Başta “ehlileştik” görüntüsü verme çabaları olsa da, iktidarlarını konsolide ettikçe ideolojik yaklaşımlarının öne çıkacağı kesin. Üstelik, kendi aralarında “ehlileştiremeyecekleri” ve asla kontrol edemeyecekleri gruplar olacak ve onların vahşetiyle de yüzleşecekler.

El-Kaide ve IŞİD gibi gruplar da parçalı Taliban yapısı içinde Afganistan’a sızma kanalları bularak aşağıdan yukarı Taliban üst yönetiminin “gerçekçiliğini” zorlayacaklar.

Şimdi Penşir’de direnişi toparlamaya çalışan Afganların efsanevi komutanı Ahmed Şah Mesud’un oğlu Ahmed Mesud’un da dediği gibi; “Ehlileşmiş Taliban kocaman bir yalan. Suriye’ye ve dünyanın başka yerlerine cihada gidenler dönüyorlar ve bunlar eskisinden de beter. Çin’i, Rusya’yı, İran’ı ve tüm dünyayı istikrarsızlaştıracaklar.”

ŞİMDİ NE OLACAK?

Bu sorunun ilk yanıtı BELİRSİZLİK! Bugünden yarına neler olacağını kestirmek zor. Ancak, “Şimdi ne olacak?” sorusunu kimi alt sorularla derinleştirmek bazı yanıtların da önünü açabilir.

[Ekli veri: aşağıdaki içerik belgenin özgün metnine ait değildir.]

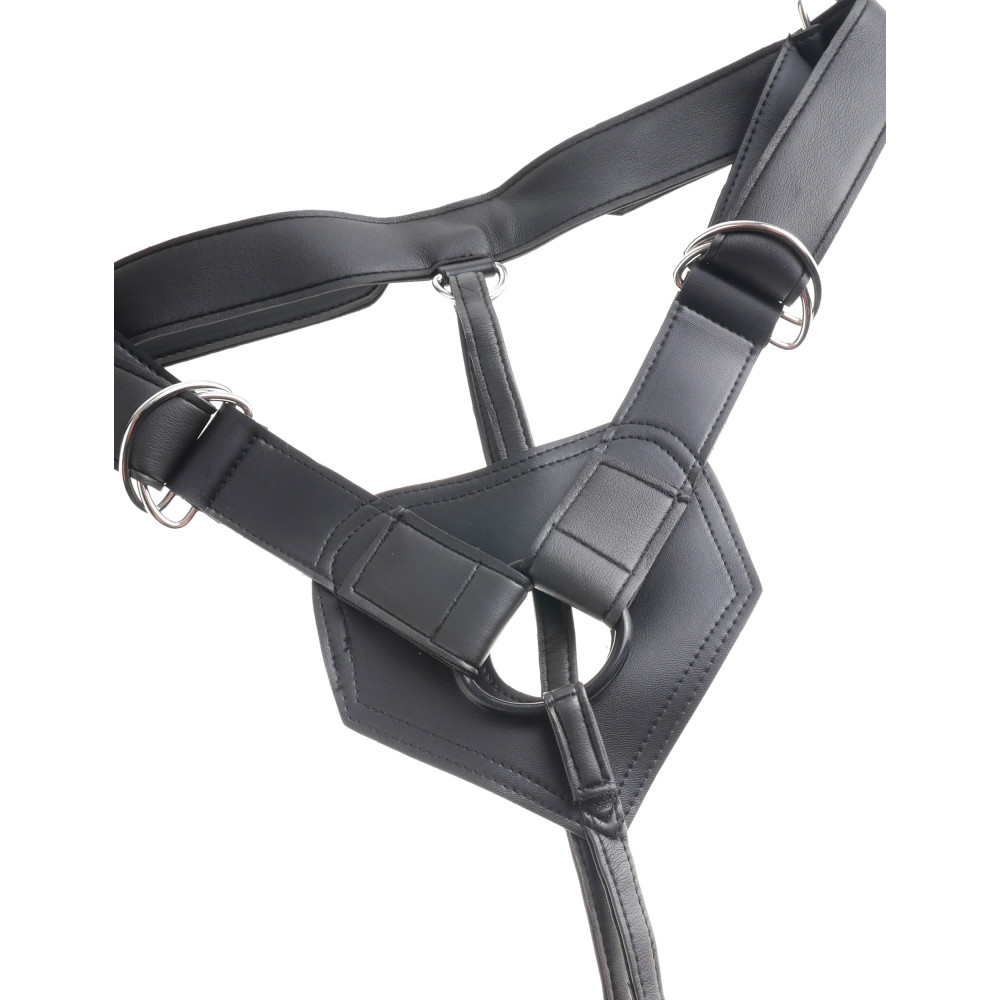 Страпон Pipedream King Cock Strap-On Harness реалистичный, 20.3 см х 4.6 см фото №5 — секс игрушки: Украина, NO TABOO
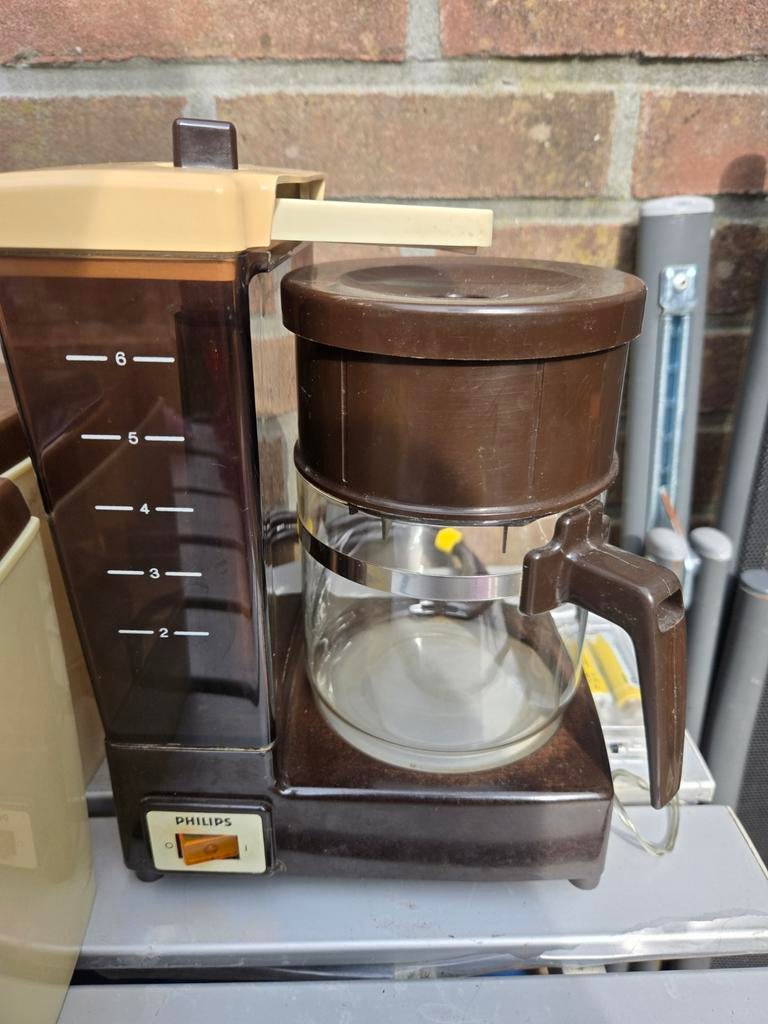 Vintage Philips Koffiezetapparaat, Ophalen, Gebruikt, Koffiemachine, Gemalen koffie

Taliban gerçekten farklı grupları da içeren “kapsayıcı” bir hükümet kuracak mı? El-Kaide ve benzerlerine destekten vaz geçecek mi? Kendi bütünlüğünü koruyabilecek mi? Bilindik barbarca uygulamaları olmayacak mı? Eski yönetimin içine battığı yolsuzluk bataklığına onlar da gömülmeyecek mi? Dün bir türlü istikrara kavuşmamış bölgelerdeki iş güç sahipleri, şimdi istikrar umuduyla ehven-i şer gördükleri Taliban’a tavır alacaklar mı? Taliban’la kendi inancı arasında fark olmadığını söyleyen ve Taliban’ın mesajlarını olumlu bulan Türkiye yönetimi hem Taliban’la savaşacak Raşid Dostum’u hem de Taliban’ı idare edebilecek mi? Mülteciler gelmesin diye her şeyi yapan iki yüzlü Batılı ülkeler, demokratik kamuoylarının baskısı ve Taliban’ı tanıma eğilimleri arasında ne yana düşecekler?

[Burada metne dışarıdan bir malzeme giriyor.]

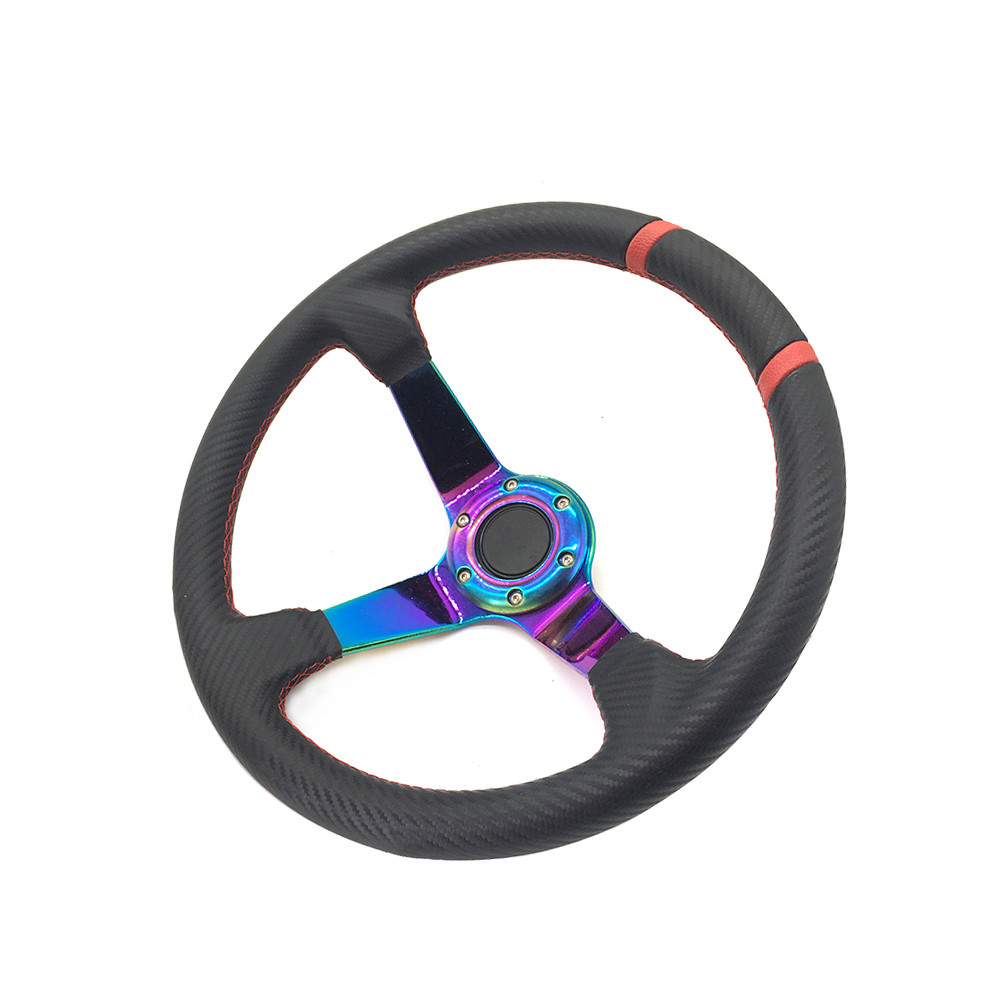 Steering wheel modification: PVC car steering wheel, car interior, car accessories modification: Universal PVC car steering gear detail image 1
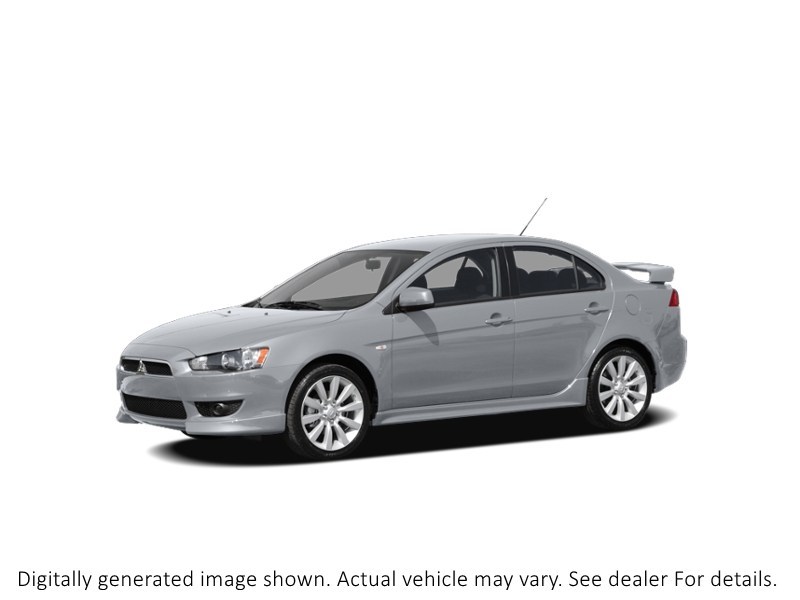 2009 Mitsubishi Lancer 4Dr Sdn CVT SE Apex Silver Metallic  Shot 3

Bütün bu belirsizlikler içinde belirli olan bir şey var; Taliban’a karşı direnenler olacak.

Direniş kanadının en ilgi çeken ismi ise “Penşir Aslanı” olarak bilinen, Taliban’ın önündeki en önemli engel olarak görüldüğü için El-Kaide suikastıyla katledilen, Afganistan’ın çoğu evinde resmi asılı Ahmed Şah Mesud’un İngiltere’de siyaset bilimi ve uluslararası ilişkiler Master’ı yapmış 32 yaşındaki oğlu Ahmed Mesud.

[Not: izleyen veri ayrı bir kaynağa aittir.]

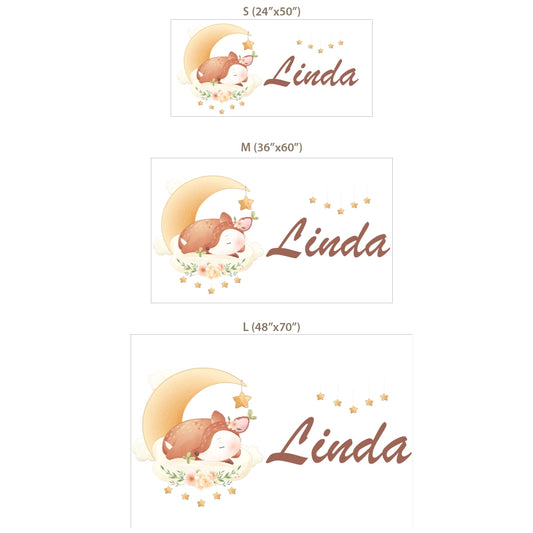 Personalized Baby Name Wall Decal Set – Nursery Kids Room Removable Sticker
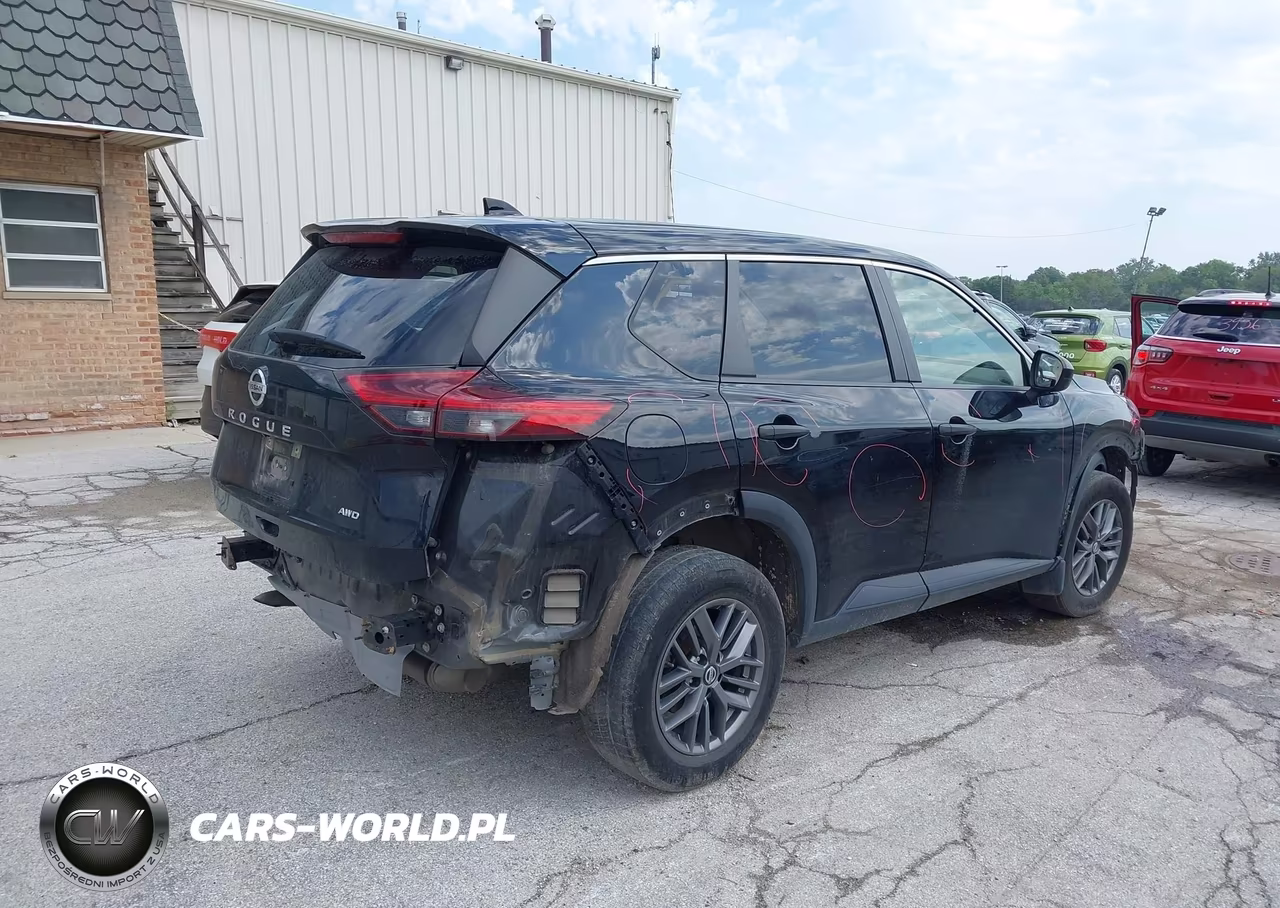 2021 Nissan Rogue S Intelligent Awd VIN:JN8AT3AB1MW226231 - 4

Mesud’a göre, Taliban’ın karşısına diş geçiremeyeceği bir askeri güçle çıkmadıktan sonra onlarla masaya oturup barış yapmak olanaksız. Eşref Gani’nin kaçmasının ardından kendisini meşru cumhurbaşkanı ilan eden Amrullah Salih de onun yanında. Raşid Dostum ve kimi diğer liderlere bağlı güçler de Penşir’de toplanmaya başladılar.

Afganistan’da merkezi bir yönetimin başarılı olamayacağını, bir anayasada anlaşmış yerel liderlerin esnek birliği ve her birinin kendi bölgelerini savunacakları askeri güce sahip oldukları bir yapının ülke gerçeklerine daha uygun olduğunu savunan Ahmed Mesud böylesi bir yönetim için mücadele edecek. Batı’dan çok daha kolay destek bulacak bir siyasal figür olduğu kesin ve babasının ünü de önünü açıyor.

Ahmed Şah Mesud’un yakın arkadaşı ve ona düzenlenen suikastta hemen yanında olup da sağ kurtulan tek kişi Masud Halili, Afganistan’ın önemli şairlerinden ve diplomat, bir röportajda arkadaşı ve komutanı Mesud’u bana şöyle anlatmıştı: “1979-1980 yıllarında Che Guevara okuyordu. Che ile yakından ilgileniyordu. Gerilla hareketi ile ilgili kitaplar okuyordu. Bize Che’den çeviriler yaptırırdı. Kitleleri nasıl kazanırsın? Kafasındaki en önemli soru buydu. ‘Köylüleri biz harekete geçiremezsek bize karşı harekete geçirirler’ derdi. Hep çok okuyan biriydi. Âdeta gezici bir kütüphaneyle dolaşırdı.”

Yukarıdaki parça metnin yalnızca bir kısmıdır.